Délibéré par le Conseil constitutionnel dans sa séance du 4 novembre 1993, où siégeaient : MM. Robert BADINTER, président, Robert FABRE, Marcel RUDLOFF, Georges ABADIE, Jean CABANNES, Jacques LATSCHA, Jacques ROBERT et Mme Noëlle LENOIR.
Le président,
Robert BADINTER

Journal officiel du 14 novembre 1993, page 15743
Recueil, p. 422
ECLI : FR : CC : 1993 : 93.1249.AN

Les abstracts

  • 8. ÉLECTIONS
  • 8.3. ÉLECTIONS LÉGISLATIVES
  • 8.3.3. Campagne électorale - Moyens de propagande
  • 8.3.3.1. Affiches
  • 8.3.3.1.5. Date et lieu d'apposition des affiches

Affichage illégal de la part des deux candidats arrivés en tête, sans incidence en l'espèce.

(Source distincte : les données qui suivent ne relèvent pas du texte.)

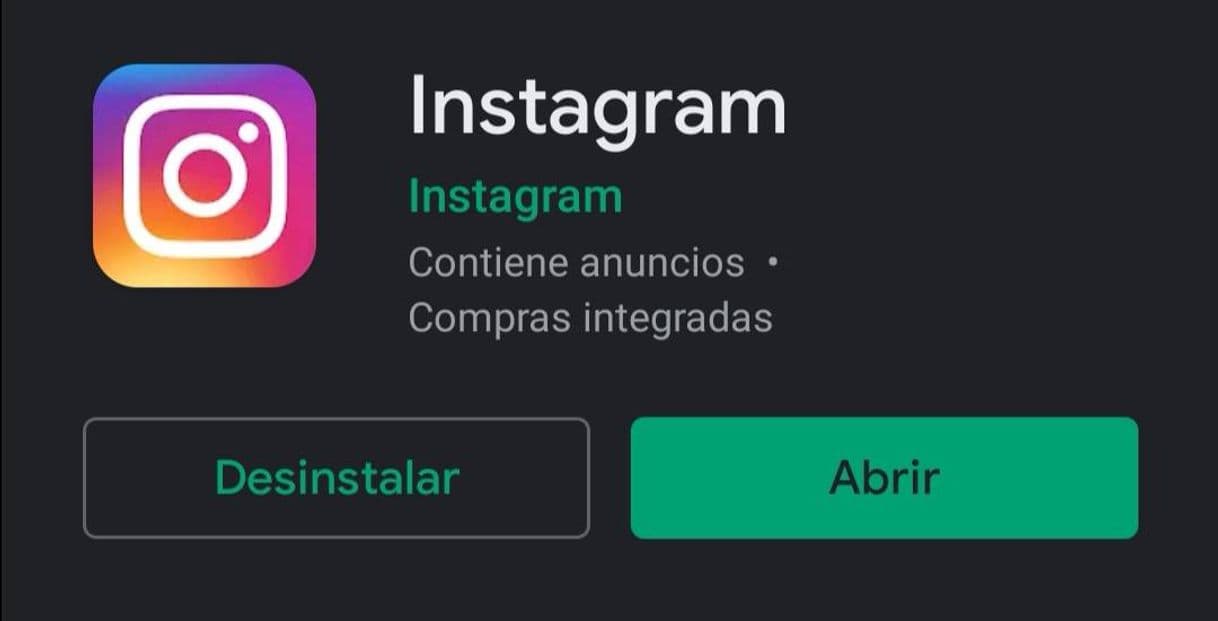 App Instagram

(93-1249 AN, 04 novembre 1993, cons. 8, Journal officiel du 14 novembre 1993, page 15743)
  • 8. ÉLECTIONS
  • 8.3. ÉLECTIONS LÉGISLATIVES
  • 8.3.3. Campagne électorale - Moyens de propagande
  • 8.3.3.13. Radio-télévision

Le requérant fait grief au candidat proclamé élu d'avoir bénéficié du soutien d'une radio locale et produit, à l'appui de ce grief, la retranscription de plusieurs émissions de cette radio, consacrées à la campagne électorale. Pour certaines, ces émissions concernent des candidats présents dans d'autres circonscriptions de ce département, et notamment le dirigeant de cette station, lui-même candidat dans une autre circonscription. Il ne ressort pas de l'examen des documents produits par le requérant que cette station aurait diffusé des messages de soutien à l'ensemble des candidats du Parti communiste réunionnais, formation politique dont se réclame le candidat élu. Ce dernier a pris part à deux de ces émissions, les 13 et 19 mars 1993, mais ni ses propos, ni ceux de ses interlocuteurs ne peuvent être regardés comme ayant été tenus en méconnaissance des dispositions de l'article L. 52-1 du code électoral. Il n'est pas établi que la diffusion de ces émissions aurait méconnu l'équilibre entre les différents candidats de la circonscription en cause, alors que le requérant, qui déclare avoir refusé de participer à ces émissions, reconnaît ainsi avoir été mis à même de bénéficier d'un temps d'antenne sur cette station.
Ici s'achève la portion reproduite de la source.